Dans le contexte Burkinabé, au terme de son
étude dont l'objet était d'identifié les causes des
déperditions scolaires dans la ville de Ouagadougou afin de proposer
quelques solutions, Maiga (1990) a conclu de ses analyses que les enfants des
couches sociales défavorisées (paysans, manoeuvres, artisans...)
étaient les plus exposés au phénomène de
déperdition par rapport à leurs copains issus de milieux
favorisés économiquement (commerçants, fonctionnaires,
militaires...). En effet, cela est rendu possible par le fait que les plus
défavorisés soient les plus incapables à garantir à
leurs enfants de bonnes conditions de travail faute de moyens
économiques et matériels. Il conclut ainsi que l'échec
scolaire s'explique par les mauvaises conditions de travail et par
conséquent l'origine sociale serait un facteur déterminant des
déperditions scolaires dans la mesure où l'incapacité
à supporter la scolarité de son enfant est fonction de la
catégorie socio- professionnelle des parents.

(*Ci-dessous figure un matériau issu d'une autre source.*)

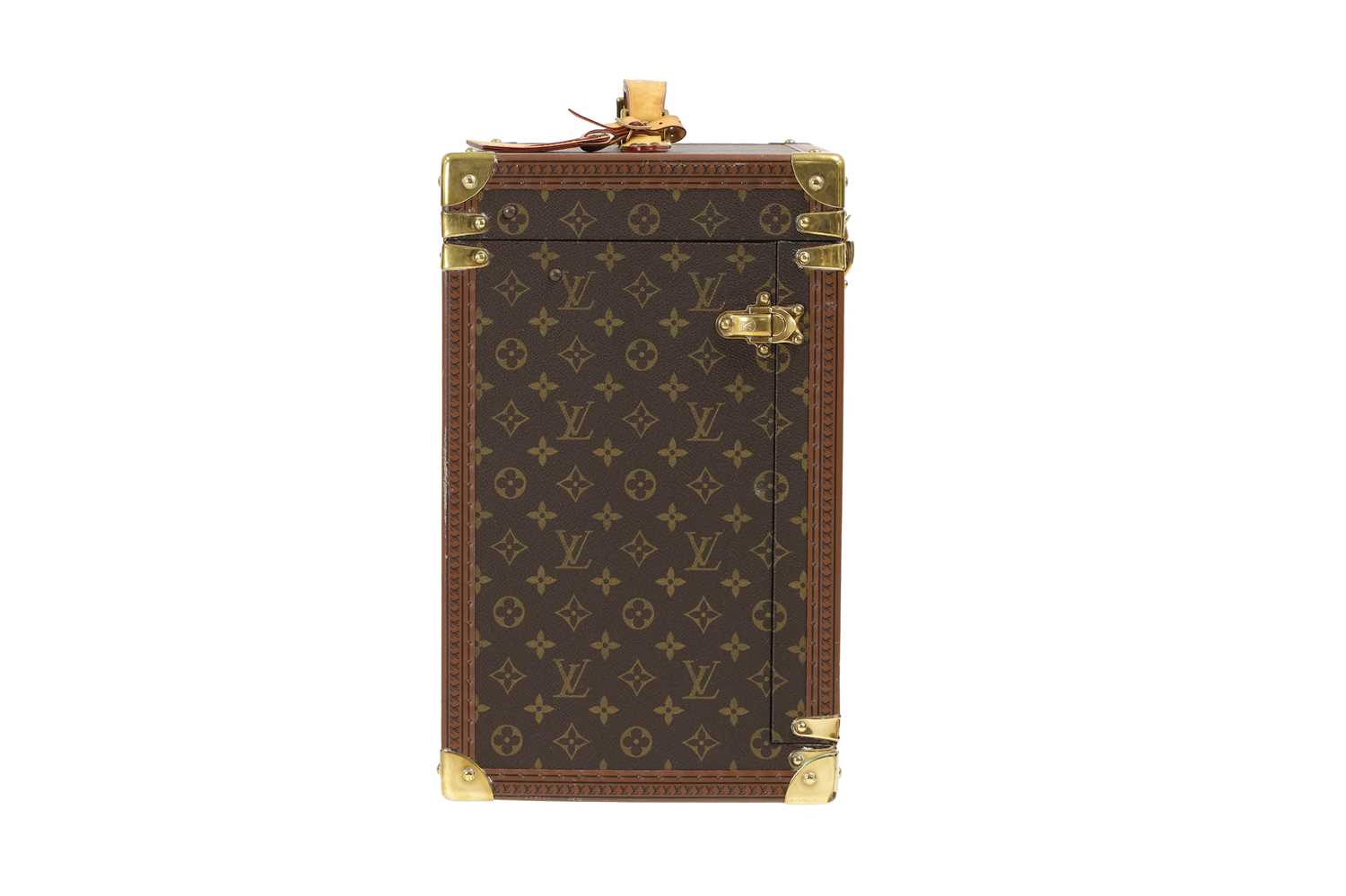 A Louis Vuitton monogrammed canvas watch trunk, - Bild 4 aus 12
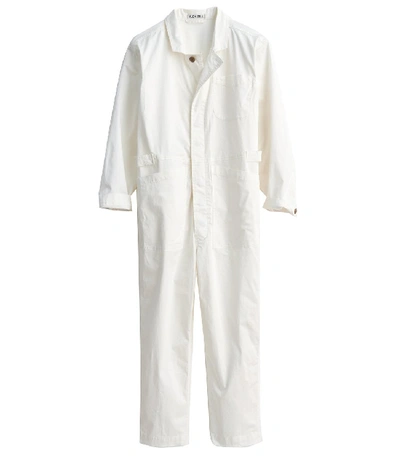 Shop Alex Mill Standard Jumpsuit In Natural In White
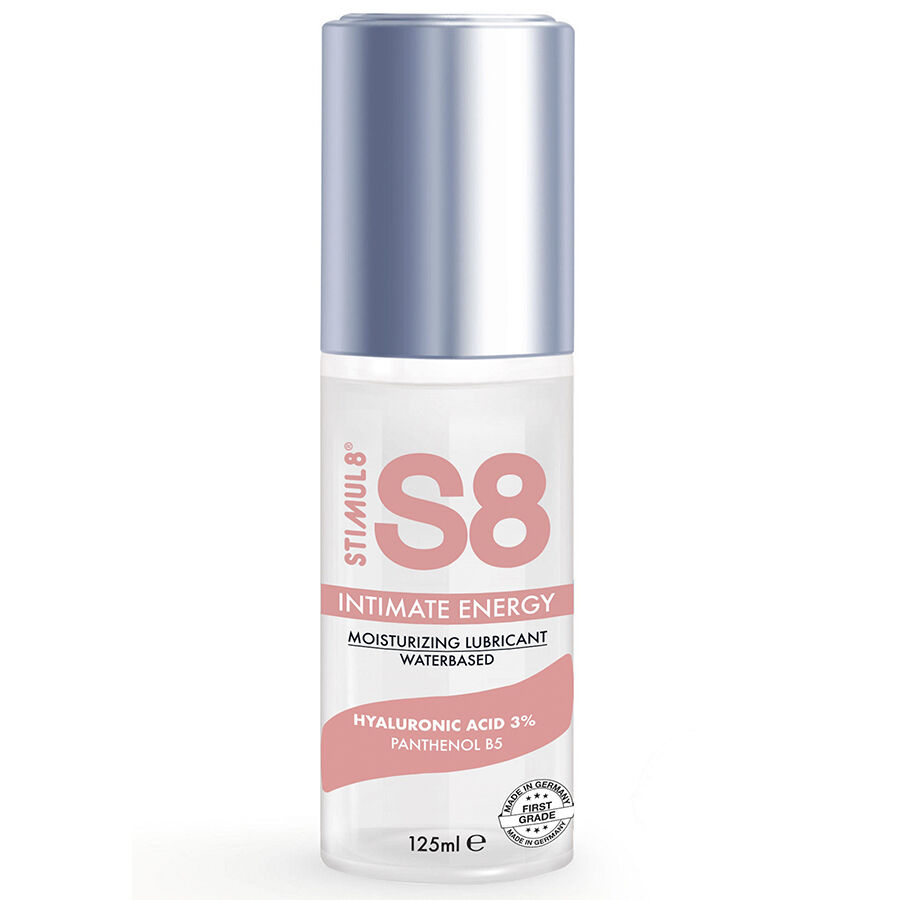 img_209296_aeafdc51816f39acac5277aaed4cfb12_1.jpg STIMUL8 - S8 INTIMATE ENERGY LUBRIFICANTE ALL'IALURONIO 125 ML - immagine 1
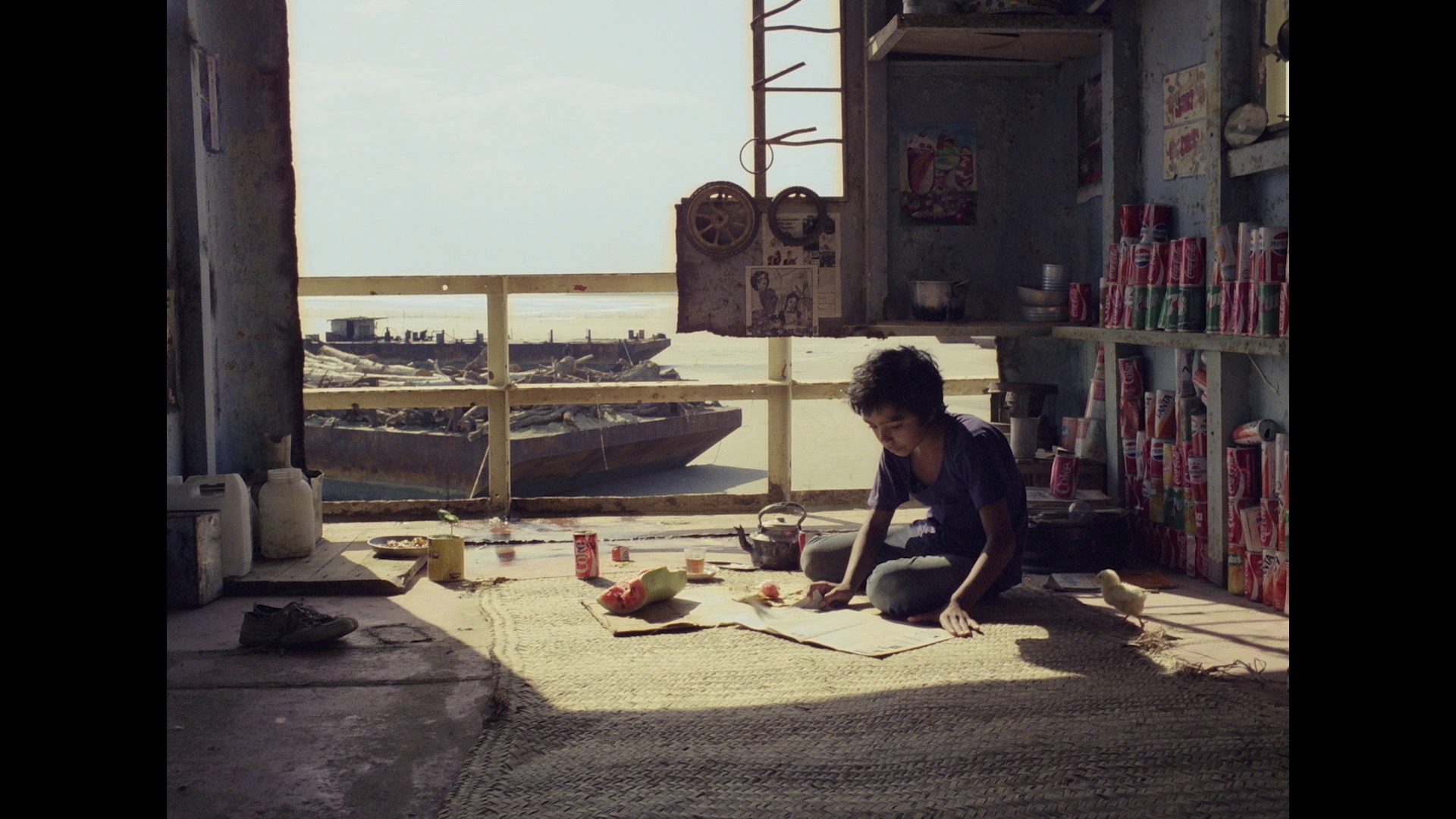 Screen capture from The Runner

Cette idée revient
également chez Compaore (1996). Pour lui, de nos jours, la scolarisation
d'un enfant nécessite un véritable engagement de sa famille
à réunir les meilleures conditions de travail lui permettant de
réussir. Outre la cotisation annuelle au niveau de l'APE, les familles
doivent assurer l'achat des fournitures scolaires, l'habillement et la
restauration des élèves. Autant de dépenses qui ne font
qu'alourdir le prix à payer pour la scolarisation des enfants. Cette
situation est donc favorable aux enfants issus de familles aisées.
De même, Lokpo (1999), après analyse des
données de son étude qui a pris en compte le nombre total de
redoublement des élèves pendant leur cursus scolaire, a conclu
que les élèves ayant des tuteurs de classes populaires
(agriculteurs, éleveurs, ouvriers...) sont les plus exposés aux
échecs scolaires par rapport à ceux issus de tuteurs
aisés. Pour Lokpo, le manque accru de moyens qui se traduit par
l'incapacité des tuteurs de couches défavorisées à
offrir à leurs filleuls de meilleures conditions d'étude justifie
cette situation. S'il est vrai que plusieurs études empiriques ont
permis de mettre en relation l'origine sociale et le rendement scolaire, peut-
on pour autant nier la responsabilité de l'école dans
l'échec ou la réussite scolaire ? En effet, à
côté des facteurs liés à l'origine sociale, certains
facteurs d'ordre scolaire et personnel peuvent influencer les résultats
(Kablan, 2015).
Tout comme les études environnementalistes
établissent un lien entre l'origine sociale et les performances
scolaires, des études ont également constaté qu'en
dépit d'une certaine mobilité sociale ascendante, certains
enfants de milieux défavorisés parviennent, grâce à
l'école à se hisser dans l'échelle sociale (Lenoir, 2012,
p.36). Les facteurs externes comme l'origine socio-économique restent
prépondérants et l'appartenance sociale se répercute dans
l'individu, notamment dans ces représentations. Simultanément,
des enfants de milieux aisés pour lesquels l'école serait faite
« sur mesure » échouent dans leurs études :
l'influence de la classe sociale sur la réussite change
de façon substantielle lorsque l'on prend en considération le
type d'enseignement. De ce fait, on constate une réduction
considérable des différences de réussite entre les classes
sociales. Plus précisément, en termes de relation entre les
classes, on note une détérioration relative de la réussite
des enfants de cadres supérieurs-professions libérales et de
petits propriétaires d'une part, une amélioration relative de la
réussite des élèves issus de la classe ouvrière et
de la catégorie des employés d'autre part (Cherkaoui, 1999,
p.53).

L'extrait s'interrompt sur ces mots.